What I found was that the voltage stayed precicely
the same, while the current draw bumped up maybe
around 5mA - I was really slowing it down too.
The next step for me is to find some diodes to
work with, and a potentiometer to find the just
the right speed where the magnets are spinning
as fast a possible without flying away.
Move some of the magnets on the inside to additional outside positions
maybe like a square, hexagon, octagon. Actually you should alter the N/S
poles of each of these on the outside so the coil doesn't see one big
'N' or 'S' all the time.
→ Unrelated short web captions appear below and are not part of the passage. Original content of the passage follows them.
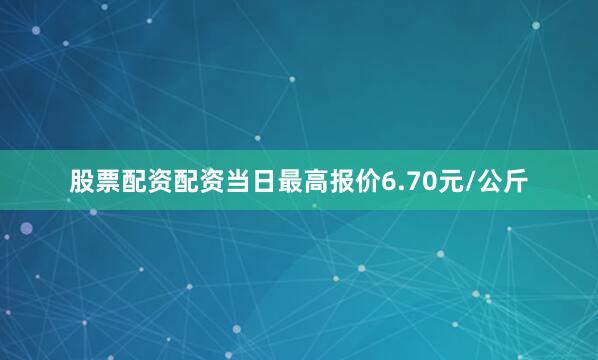股票配资配资当日最高报价6.70元/公斤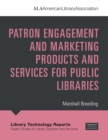 Patron Engagement and Marketing Products and Services for Public Libraries - Book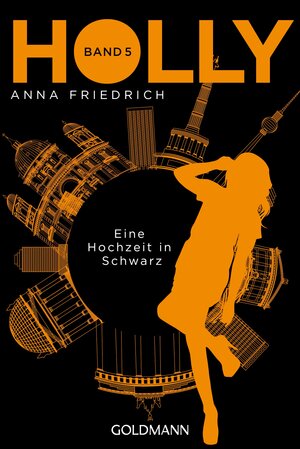 Buchcover Holly. Eine Hochzeit in Schwarz | Anna Friedrich | EAN 9783641205256 | ISBN 3-641-20525-5 | ISBN 978-3-641-20525-6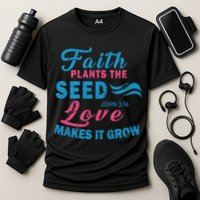 Faith Plants The Seed Love Makes It Grow John 3:16 Performance Shirt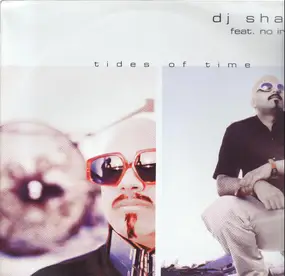 DJ Shah - Tides Of Time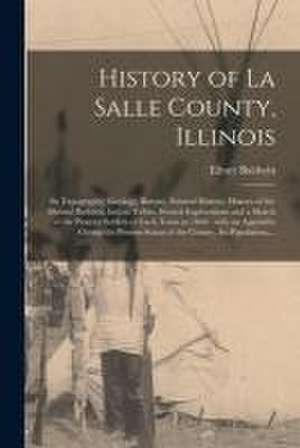 History of La Salle County, Illinois [microform]: Its Topography, Geology, Botany, Natural History, History of the Mound Builders, Indian Tribes, Fren de Elmer Baldwin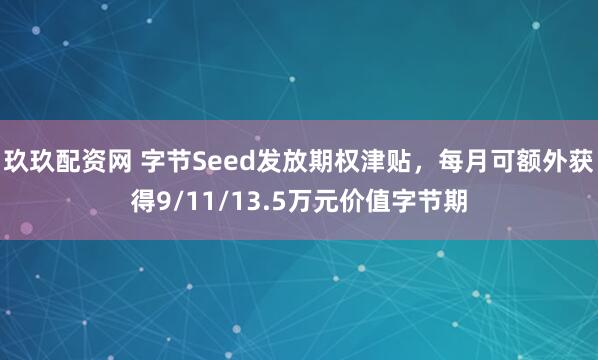 玖玖配资网 字节Seed发放期权津贴，每月可额外获得9/11/13.5万元价值字节期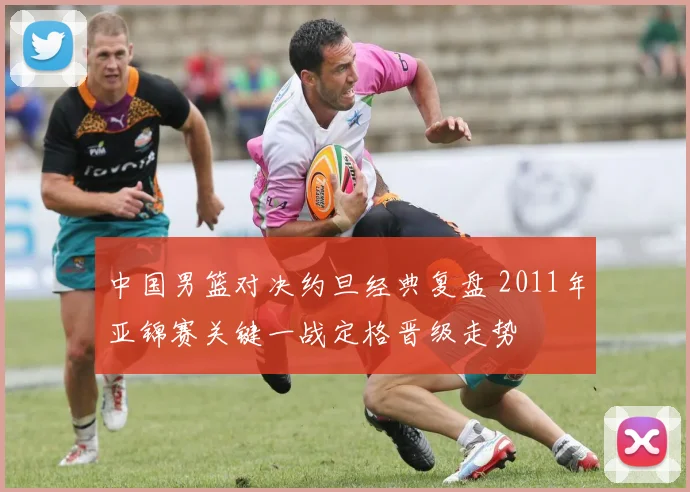 中国男篮对决约旦经典复盘 2011年亚锦赛关键一战定格晋级走势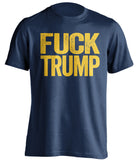 blue and gold fuck trump tshirt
These additional "poles" will make your AC go
up in frequency per motor revolution.
Leds have a pedestal voltage before they turn on, so they
are not quite as good as pure loads as resistors are.
Ok, the motor control circuit can either increase current which
may be difficult for it if the voltage input is 5Vdc low. (your PS
supply should be regulated at 5Vdc). Or it has to let the motor slow
down. The generator function is proportional to RPM,s so it would
automatically cut the voltage, power and braking back as the rpm
drops. Allowing it to seek a steady state.
:S:MarkSCoffman
Hmm - in order to add additional magnets I would
have to retool it a bit to accomodate a large flat
disc to glue them on to. If I can get some preliminary
results tomorrow when I hopefully find some diodes,
then I'll have a go at it.
What I ought to figure out at this point is how to
change the resulting current output of the coils from
AC into DC.
I'm fairly certain there's a quick way to go about it,
but a bit of searching has left me without an answer.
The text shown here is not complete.